- Problem requirements -
Transcribe the listing below word for word but skip its images.

- Dataset content -

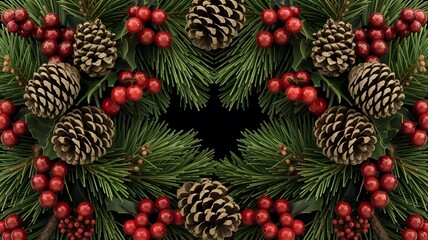 Fototapeta premium Handmade Christmas Wreaths with Pine Cones and Red Berries for Rustic Holiday Charm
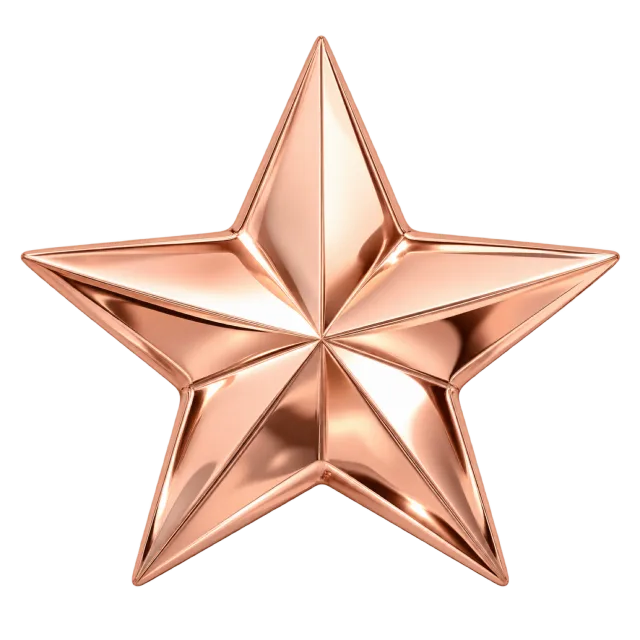 Five-pointed rose gold-colored star with crisp ridges and reflective shading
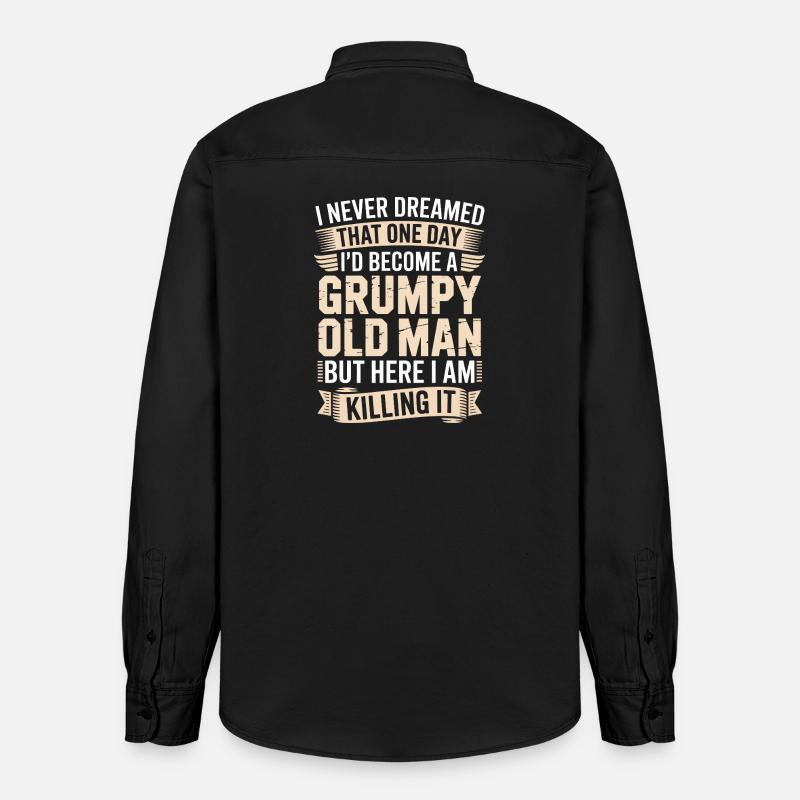 Grumpy Old Man Killing It - Chemise unisexe coupe décontractée bio Stanley/Stella - noir délavé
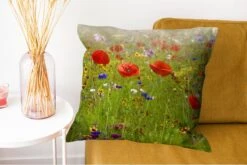 Sierkussens - Kussentjes Woonkamer - 60x60 Cm - Lente - Bloemen - Rood - Klaproos - Gras - Groen -Pillowmonkey 1200x802 295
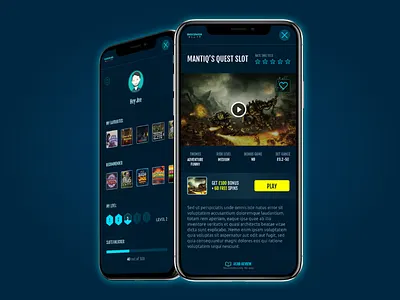 DIS revamp blue dark game gamification mobile neon profile ui ux
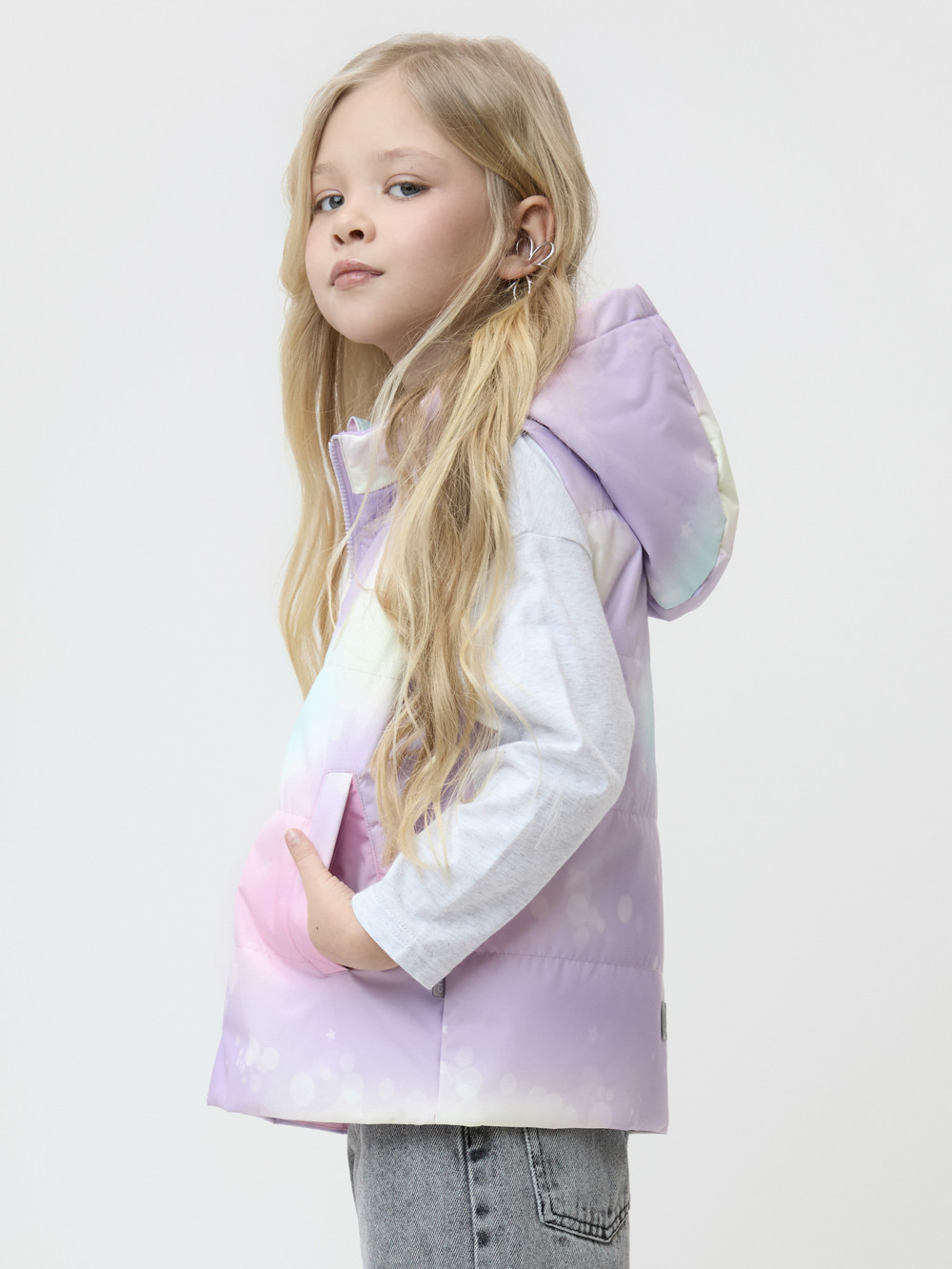 Жилет для девочки, артикул: ВК 35019/н/1 ГР (128-152), цвет: мульти, фото 3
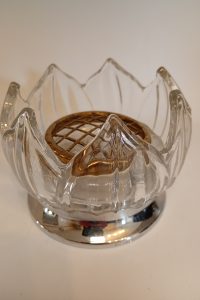 Vintage glass petal flower frog vase
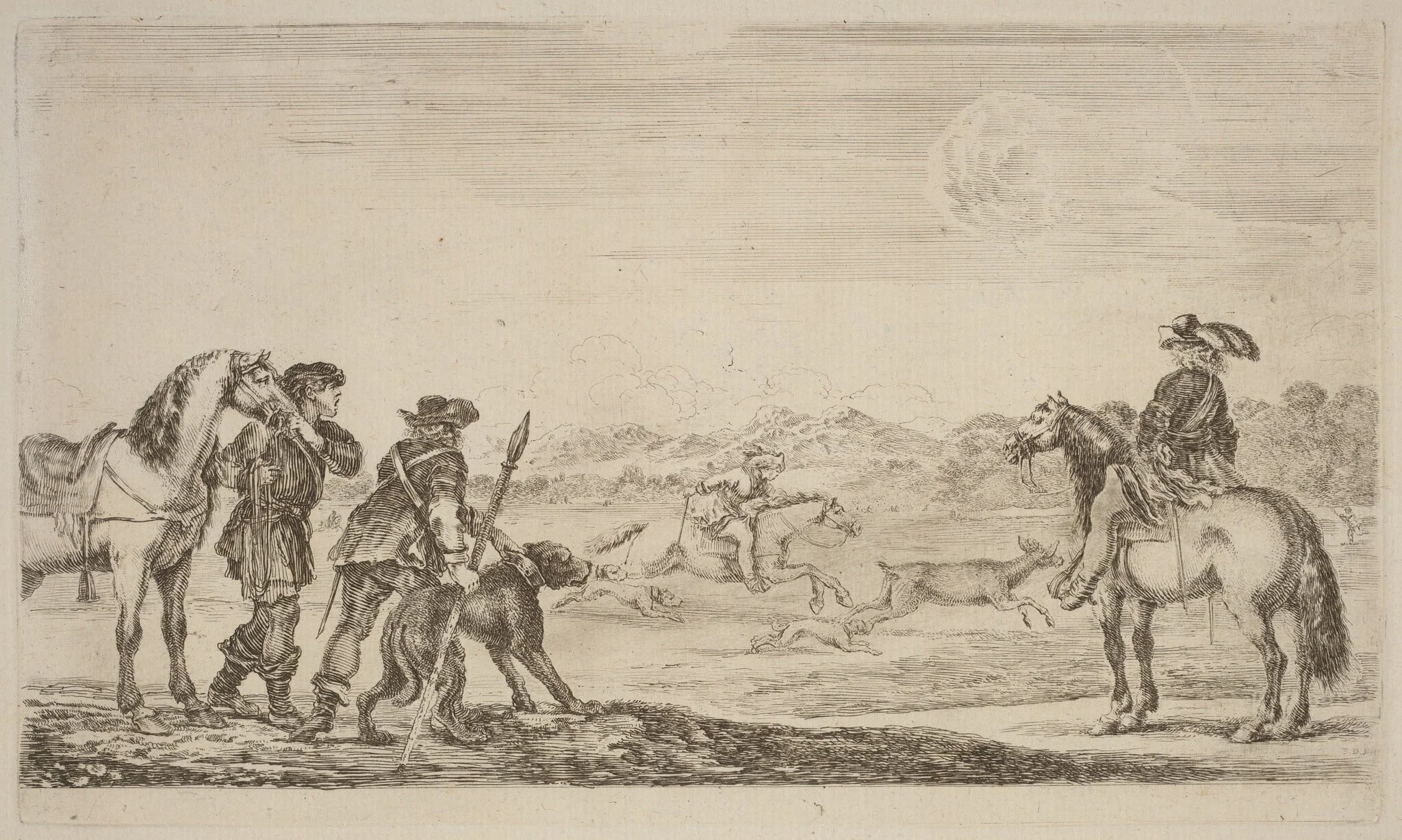 Small Deer Chased by a Cavalier, by Stefano Della Bella, ink, 1637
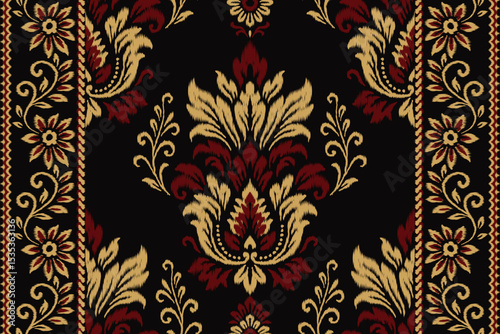 Seamless ikat damask floral pattern with gold and maroon ornamental motifs on black background, perfect for ethnic textile, abstract fabric, traditional clothing, elegant decoration illustration.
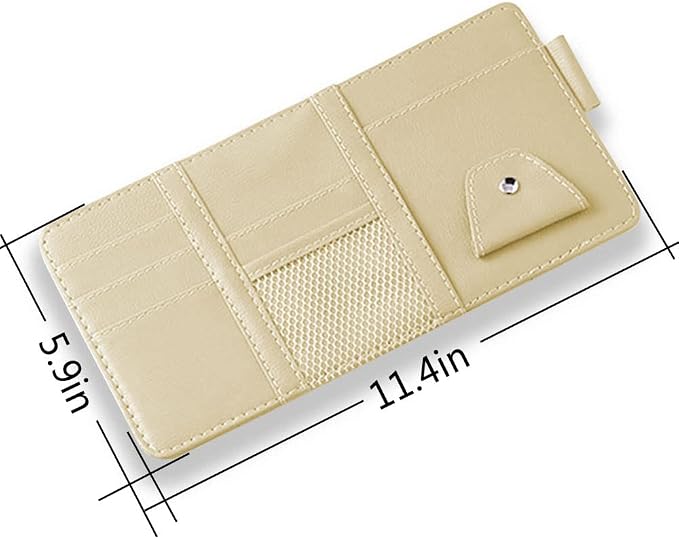 1 Pack Car Sun Visor Organizer, Sunglasses Holder for Car Sun Visor, Auto Interior Accessories Pocket Organizers Can Store for Sunglasses, Documents, Cards, Pen, Drivers License (Beige)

- Answer section -
 Fototapeta premium Handmade Christmas Wreaths with Pine Cones and Red Berries for Rustic Holiday Charm
 Five-pointed rose gold-colored star with crisp ridges and reflective shading
 Grumpy Old Man Killing It - Chemise unisexe coupe décontractée bio Stanley/Stella - noir délavé
 Sierkussens - Kussentjes Woonkamer - 60x60 Cm - Lente - Bloemen - Rood - Klaproos - Gras - Groen -Pillowmonkey 1200x802 295
 DIS revamp blue dark game gamification mobile neon profile ui ux
 Жилет для девочки, артикул: ВК 35019/н/1 ГР (128-152), цвет: мульти, фото 3
 Vintage glass petal flower frog vase
 Small Deer Chased by a Cavalier, by Stefano Della Bella, ink, 1637
 Seamless ikat damask floral pattern with gold and maroon ornamental motifs on black background, perfect for ethnic textile, abstract fabric, traditional clothing, elegant decoration illustration.
 1 Pack Car Sun Visor Organizer, Sunglasses Holder for Car Sun Visor, Auto Interior Accessories Pocket Organizers Can Store for Sunglasses, Documents, Cards, Pen, Drivers License (Beige)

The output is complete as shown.